== Segment start ==

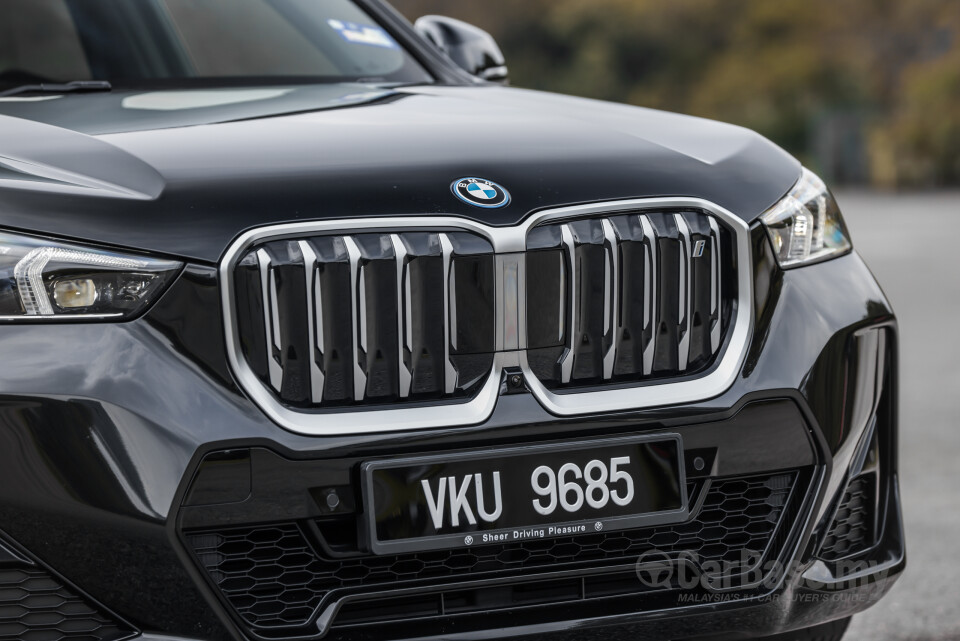 BMW iX1 U11 EV (2023) Exterior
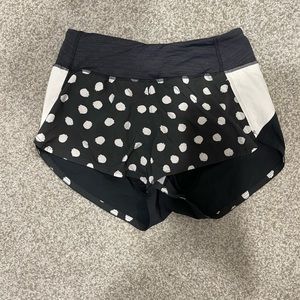 Outdoor Voices Hudson shorts
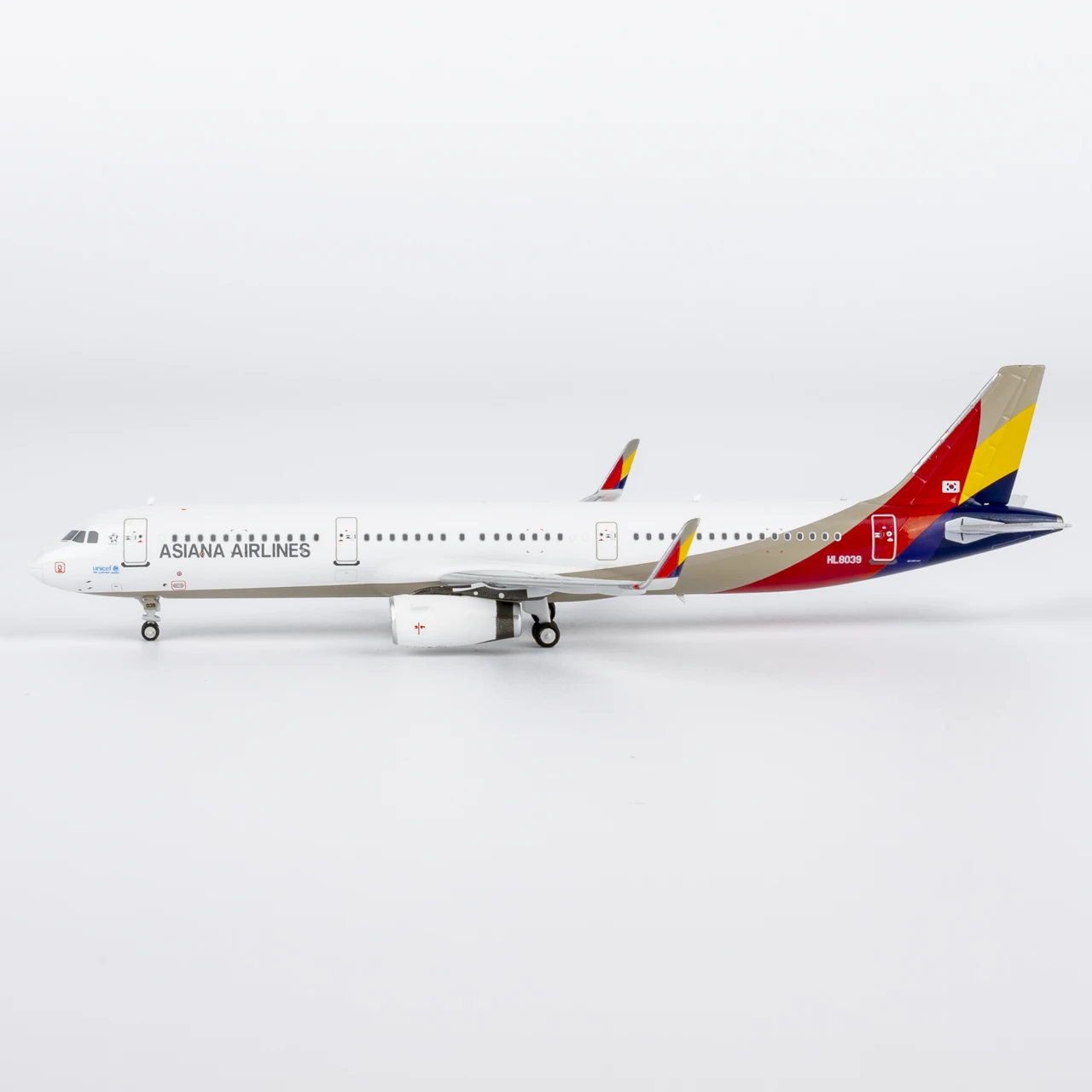 13127 سبيكة تحصيل طائرة هدية NG نموذج 1:400 ايرلاينز الآسيوية "StarAlliance" ايرباص A321-200 دييكاست نموذج طائرة HL8039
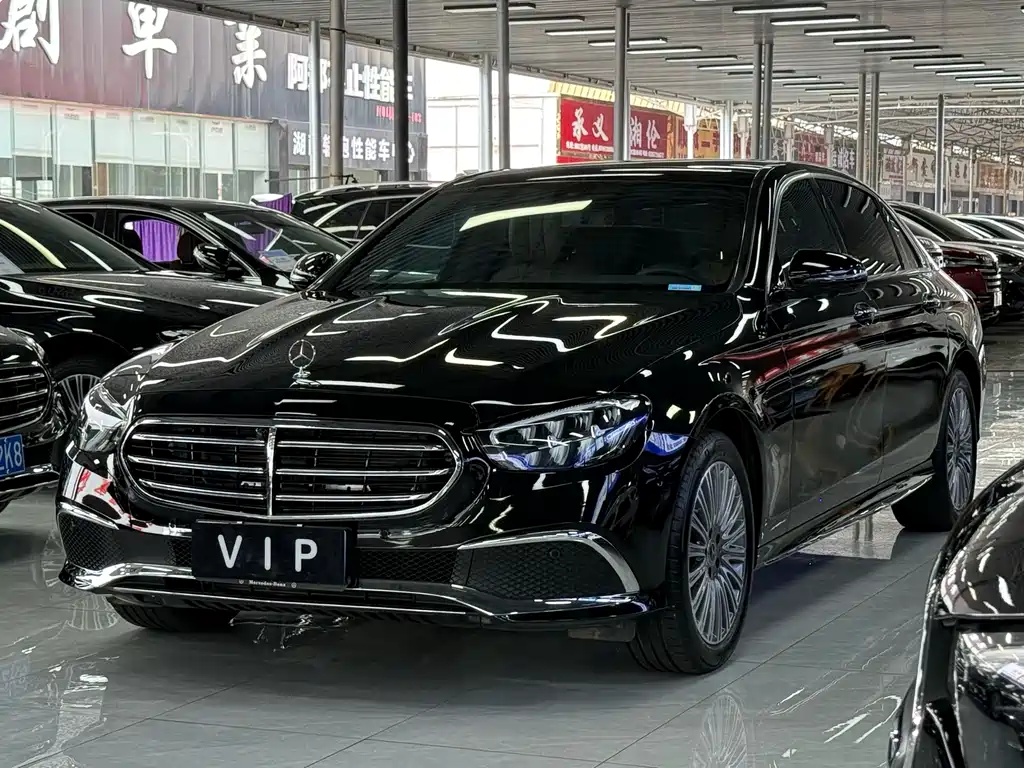Mercedes-Benz E-Class 2023 — фото 1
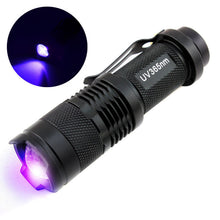 Заредете изображение във визуализатора на галерията – LED Zoom Flashlight LT3 UV

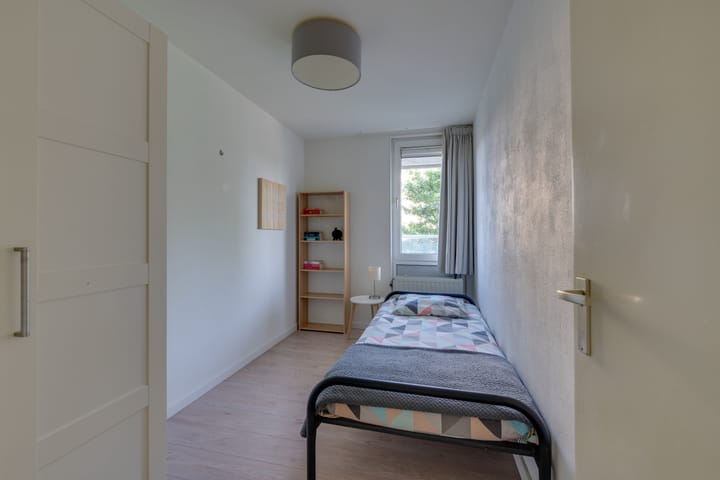 Foto 32 van Rosa Spierlaan 360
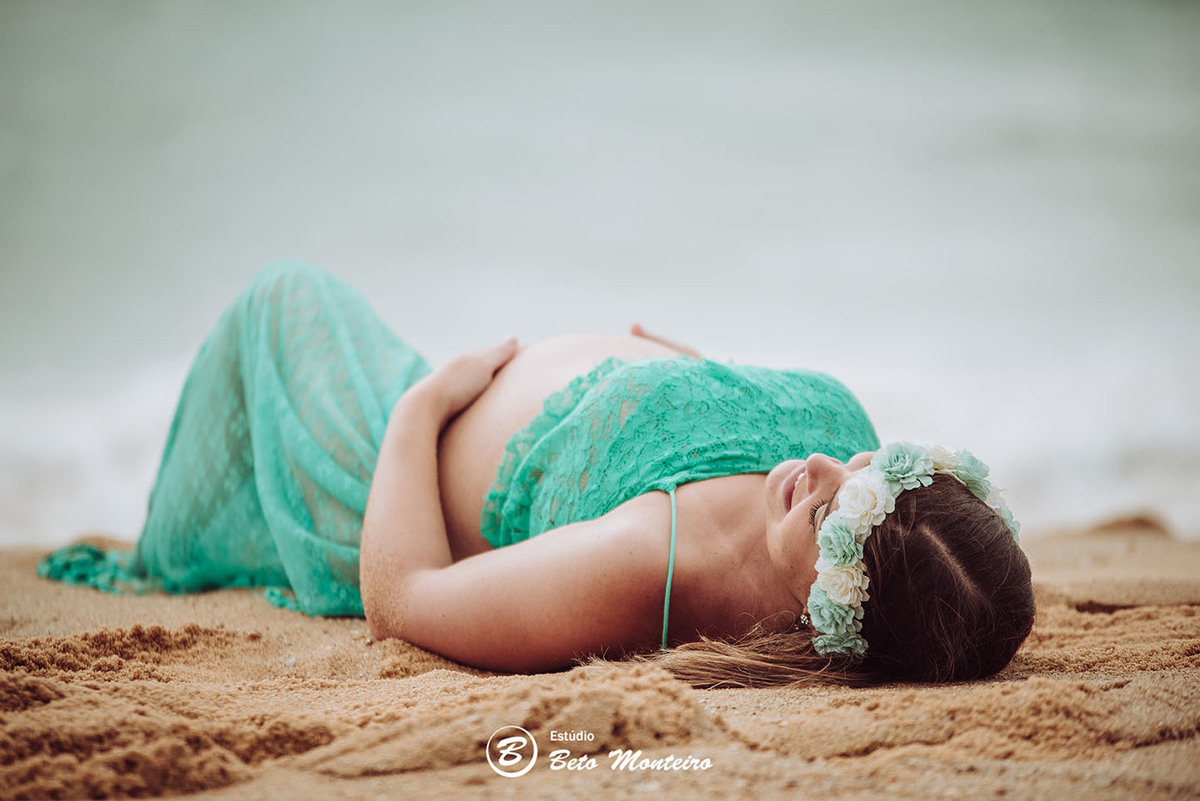 Laura Monteiro e Kleber - Isabela - Book Gestante e Familia em Curitiba - Vestido rosa - Praia - Laranjeiras - Balneario Camboriu - Book de gestante na praia - Fotos ao ar livre - Grávida - Gestação - Estudio Beto Monteiro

== Segment end ==

Word for word, give again the lines from the line holding "Заредете изображение във" through the last line of the material, both included; pictures are not part of the copy.

 Заредете изображение във визуализатора на галерията – LED Zoom Flashlight LT3 UV

 Foto 32 van Rosa Spierlaan 360
 Laura Monteiro e Kleber - Isabela - Book Gestante e Familia em Curitiba - Vestido rosa - Praia - Laranjeiras - Balneario Camboriu - Book de gestante na praia - Fotos ao ar livre - Grávida - Gestação - Estudio Beto Monteiro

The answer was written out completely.